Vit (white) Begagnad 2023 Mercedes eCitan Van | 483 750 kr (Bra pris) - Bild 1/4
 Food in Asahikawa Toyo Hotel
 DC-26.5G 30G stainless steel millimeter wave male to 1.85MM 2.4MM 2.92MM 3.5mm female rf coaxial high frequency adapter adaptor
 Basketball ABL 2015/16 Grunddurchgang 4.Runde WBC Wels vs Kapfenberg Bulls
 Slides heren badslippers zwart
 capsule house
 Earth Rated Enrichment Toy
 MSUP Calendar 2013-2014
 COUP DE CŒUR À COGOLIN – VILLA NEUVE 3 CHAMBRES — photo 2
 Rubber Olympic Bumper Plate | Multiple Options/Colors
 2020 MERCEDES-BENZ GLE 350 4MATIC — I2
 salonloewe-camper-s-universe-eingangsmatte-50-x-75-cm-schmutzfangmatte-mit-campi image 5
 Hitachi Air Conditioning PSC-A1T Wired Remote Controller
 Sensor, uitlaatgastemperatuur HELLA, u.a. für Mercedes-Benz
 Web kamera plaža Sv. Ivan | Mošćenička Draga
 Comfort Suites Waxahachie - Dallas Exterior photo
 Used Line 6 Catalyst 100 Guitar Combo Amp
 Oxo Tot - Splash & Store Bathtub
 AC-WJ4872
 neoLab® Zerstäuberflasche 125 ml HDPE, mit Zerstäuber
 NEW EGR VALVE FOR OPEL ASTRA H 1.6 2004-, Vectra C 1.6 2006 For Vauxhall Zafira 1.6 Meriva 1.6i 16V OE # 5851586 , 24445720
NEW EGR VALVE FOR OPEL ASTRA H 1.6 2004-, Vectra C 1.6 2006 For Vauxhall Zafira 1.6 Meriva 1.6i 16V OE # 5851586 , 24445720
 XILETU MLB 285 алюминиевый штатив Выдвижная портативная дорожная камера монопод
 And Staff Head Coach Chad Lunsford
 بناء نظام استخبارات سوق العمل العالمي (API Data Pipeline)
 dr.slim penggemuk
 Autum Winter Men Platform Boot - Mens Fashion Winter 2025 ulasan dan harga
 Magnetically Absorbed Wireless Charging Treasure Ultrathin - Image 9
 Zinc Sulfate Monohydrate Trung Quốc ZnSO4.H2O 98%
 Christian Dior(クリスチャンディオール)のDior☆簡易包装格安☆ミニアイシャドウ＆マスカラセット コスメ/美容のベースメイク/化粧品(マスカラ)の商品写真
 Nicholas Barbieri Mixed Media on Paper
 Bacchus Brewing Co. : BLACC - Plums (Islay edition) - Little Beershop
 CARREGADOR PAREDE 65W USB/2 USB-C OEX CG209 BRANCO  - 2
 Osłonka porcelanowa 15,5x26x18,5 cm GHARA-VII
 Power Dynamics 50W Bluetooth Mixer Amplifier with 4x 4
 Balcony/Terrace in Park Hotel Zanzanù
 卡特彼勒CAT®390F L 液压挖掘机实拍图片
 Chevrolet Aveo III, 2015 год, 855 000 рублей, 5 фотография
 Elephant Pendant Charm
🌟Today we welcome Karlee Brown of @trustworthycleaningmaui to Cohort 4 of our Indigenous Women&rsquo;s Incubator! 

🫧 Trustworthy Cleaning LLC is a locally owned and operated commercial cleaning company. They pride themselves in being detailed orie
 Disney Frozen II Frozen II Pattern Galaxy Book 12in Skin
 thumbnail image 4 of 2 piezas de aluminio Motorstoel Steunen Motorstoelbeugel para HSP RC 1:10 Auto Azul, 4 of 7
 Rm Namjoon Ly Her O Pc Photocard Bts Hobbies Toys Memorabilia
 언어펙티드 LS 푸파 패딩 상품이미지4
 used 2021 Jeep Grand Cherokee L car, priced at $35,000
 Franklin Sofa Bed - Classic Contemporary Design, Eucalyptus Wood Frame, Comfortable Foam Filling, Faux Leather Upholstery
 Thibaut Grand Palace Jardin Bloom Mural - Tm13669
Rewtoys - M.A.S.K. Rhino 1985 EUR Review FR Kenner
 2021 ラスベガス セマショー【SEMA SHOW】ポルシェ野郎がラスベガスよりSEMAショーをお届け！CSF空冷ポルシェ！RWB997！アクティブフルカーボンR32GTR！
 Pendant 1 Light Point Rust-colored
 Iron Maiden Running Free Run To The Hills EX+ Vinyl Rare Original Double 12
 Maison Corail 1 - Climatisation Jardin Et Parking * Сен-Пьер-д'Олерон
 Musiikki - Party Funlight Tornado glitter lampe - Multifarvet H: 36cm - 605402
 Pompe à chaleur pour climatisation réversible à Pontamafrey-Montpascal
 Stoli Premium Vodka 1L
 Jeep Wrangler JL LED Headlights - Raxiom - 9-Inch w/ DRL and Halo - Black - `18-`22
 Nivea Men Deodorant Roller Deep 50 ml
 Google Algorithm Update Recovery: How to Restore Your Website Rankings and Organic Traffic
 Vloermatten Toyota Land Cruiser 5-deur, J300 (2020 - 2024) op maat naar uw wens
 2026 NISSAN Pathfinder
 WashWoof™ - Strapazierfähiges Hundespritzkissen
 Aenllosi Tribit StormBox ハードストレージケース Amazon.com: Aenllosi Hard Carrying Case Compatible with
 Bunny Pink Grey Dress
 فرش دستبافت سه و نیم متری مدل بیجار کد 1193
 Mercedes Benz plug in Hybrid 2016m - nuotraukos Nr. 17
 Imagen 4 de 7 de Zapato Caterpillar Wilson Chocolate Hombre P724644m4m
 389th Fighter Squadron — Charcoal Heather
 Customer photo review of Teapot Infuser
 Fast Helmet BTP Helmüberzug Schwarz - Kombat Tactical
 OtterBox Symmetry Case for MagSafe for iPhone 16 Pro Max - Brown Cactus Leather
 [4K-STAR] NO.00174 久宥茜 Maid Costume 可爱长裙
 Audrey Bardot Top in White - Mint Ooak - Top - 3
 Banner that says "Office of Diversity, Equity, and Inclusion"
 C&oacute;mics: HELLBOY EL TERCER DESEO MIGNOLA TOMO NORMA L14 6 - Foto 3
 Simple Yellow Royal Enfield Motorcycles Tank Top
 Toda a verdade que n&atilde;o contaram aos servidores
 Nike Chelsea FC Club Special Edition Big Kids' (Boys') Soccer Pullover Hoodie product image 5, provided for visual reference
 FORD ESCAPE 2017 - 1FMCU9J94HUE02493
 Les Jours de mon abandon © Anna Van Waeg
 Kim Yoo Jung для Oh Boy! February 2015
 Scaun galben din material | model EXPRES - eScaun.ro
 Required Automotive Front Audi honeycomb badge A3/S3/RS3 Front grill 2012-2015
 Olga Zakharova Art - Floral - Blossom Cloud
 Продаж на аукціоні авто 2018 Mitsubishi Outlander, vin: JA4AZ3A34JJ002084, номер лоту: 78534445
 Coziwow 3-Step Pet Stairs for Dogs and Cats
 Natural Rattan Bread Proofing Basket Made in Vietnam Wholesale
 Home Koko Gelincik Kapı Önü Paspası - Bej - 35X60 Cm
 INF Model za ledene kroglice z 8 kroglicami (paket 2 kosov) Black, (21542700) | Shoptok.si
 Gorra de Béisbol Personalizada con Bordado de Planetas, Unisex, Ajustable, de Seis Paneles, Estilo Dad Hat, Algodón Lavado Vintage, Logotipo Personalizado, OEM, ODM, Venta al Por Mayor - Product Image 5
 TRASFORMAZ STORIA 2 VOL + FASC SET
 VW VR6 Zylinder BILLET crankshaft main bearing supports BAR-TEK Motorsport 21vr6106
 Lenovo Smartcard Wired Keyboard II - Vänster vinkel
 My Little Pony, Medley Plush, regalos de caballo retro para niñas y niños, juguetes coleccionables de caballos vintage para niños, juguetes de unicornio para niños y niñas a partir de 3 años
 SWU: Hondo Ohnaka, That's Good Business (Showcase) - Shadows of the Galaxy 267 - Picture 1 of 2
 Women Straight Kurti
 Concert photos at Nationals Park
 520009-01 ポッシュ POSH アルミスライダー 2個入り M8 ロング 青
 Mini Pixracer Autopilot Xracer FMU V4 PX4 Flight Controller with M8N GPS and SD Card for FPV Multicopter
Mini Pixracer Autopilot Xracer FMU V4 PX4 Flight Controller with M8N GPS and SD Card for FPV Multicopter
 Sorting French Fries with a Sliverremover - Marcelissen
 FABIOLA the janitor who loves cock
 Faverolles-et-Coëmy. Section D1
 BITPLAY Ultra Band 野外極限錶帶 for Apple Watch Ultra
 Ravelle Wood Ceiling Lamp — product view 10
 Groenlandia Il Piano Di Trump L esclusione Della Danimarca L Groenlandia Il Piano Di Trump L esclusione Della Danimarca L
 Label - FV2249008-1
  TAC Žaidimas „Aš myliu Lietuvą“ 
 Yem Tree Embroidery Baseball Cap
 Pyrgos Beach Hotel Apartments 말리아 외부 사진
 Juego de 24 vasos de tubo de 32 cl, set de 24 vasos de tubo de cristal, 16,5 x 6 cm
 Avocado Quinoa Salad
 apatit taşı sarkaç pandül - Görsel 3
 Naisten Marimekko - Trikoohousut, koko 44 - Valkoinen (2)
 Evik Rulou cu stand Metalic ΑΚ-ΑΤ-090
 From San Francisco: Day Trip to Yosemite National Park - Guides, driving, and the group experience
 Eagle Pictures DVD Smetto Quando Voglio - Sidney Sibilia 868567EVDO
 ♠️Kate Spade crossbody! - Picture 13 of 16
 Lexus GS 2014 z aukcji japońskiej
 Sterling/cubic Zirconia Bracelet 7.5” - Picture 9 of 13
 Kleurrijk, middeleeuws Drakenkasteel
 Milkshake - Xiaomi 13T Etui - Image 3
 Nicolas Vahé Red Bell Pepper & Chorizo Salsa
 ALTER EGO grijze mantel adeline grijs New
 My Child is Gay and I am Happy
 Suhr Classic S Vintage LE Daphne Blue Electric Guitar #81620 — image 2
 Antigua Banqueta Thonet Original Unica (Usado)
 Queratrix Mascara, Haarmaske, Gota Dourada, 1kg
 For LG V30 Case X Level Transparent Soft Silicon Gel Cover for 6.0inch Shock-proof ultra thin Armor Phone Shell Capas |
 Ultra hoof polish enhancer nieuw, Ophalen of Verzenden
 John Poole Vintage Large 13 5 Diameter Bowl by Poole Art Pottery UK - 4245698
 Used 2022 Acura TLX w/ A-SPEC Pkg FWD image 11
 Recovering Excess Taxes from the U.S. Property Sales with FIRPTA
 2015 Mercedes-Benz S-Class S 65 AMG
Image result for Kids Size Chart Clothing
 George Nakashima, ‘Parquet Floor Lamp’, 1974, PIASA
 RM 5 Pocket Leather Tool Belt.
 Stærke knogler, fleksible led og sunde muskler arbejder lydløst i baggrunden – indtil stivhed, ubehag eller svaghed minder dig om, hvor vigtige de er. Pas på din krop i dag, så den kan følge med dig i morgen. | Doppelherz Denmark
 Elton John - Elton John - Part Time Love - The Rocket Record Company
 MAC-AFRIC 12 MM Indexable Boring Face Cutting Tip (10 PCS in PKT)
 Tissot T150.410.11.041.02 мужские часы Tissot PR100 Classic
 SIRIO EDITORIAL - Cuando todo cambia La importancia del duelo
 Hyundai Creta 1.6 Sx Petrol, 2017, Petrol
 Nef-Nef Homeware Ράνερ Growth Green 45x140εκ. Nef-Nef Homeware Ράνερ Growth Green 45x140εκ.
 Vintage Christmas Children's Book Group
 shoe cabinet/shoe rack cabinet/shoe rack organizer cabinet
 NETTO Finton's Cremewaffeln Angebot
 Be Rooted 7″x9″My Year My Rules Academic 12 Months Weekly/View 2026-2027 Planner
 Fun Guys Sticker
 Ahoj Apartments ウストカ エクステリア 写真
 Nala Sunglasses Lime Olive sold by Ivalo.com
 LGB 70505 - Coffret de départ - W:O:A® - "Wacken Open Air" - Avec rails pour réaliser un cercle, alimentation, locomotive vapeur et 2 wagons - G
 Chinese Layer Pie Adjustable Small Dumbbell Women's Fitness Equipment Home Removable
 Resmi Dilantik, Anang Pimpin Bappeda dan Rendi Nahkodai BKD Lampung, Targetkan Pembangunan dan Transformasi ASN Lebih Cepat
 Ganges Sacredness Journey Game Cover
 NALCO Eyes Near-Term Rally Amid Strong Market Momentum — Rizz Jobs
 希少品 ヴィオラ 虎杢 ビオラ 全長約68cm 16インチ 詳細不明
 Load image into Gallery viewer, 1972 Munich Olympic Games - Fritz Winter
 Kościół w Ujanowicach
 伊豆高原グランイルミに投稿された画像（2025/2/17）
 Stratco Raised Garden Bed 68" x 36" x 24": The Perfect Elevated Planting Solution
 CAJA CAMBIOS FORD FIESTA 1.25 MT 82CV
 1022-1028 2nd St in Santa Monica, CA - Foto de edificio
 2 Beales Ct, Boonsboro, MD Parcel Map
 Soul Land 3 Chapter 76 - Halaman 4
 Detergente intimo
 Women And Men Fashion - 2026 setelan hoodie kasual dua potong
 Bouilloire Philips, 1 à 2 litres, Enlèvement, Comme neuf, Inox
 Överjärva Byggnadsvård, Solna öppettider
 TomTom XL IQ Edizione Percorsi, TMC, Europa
• • • •
- [EXERCISE]: Among the lines of the material, find those that hold the word "John" and copy them.

- [OUTPUT OF THE TASK]:
 John Poole Vintage Large 13 5 Diameter Bowl by Poole Art Pottery UK - 4245698
 Elton John - Elton John - Part Time Love - The Rocket Record Company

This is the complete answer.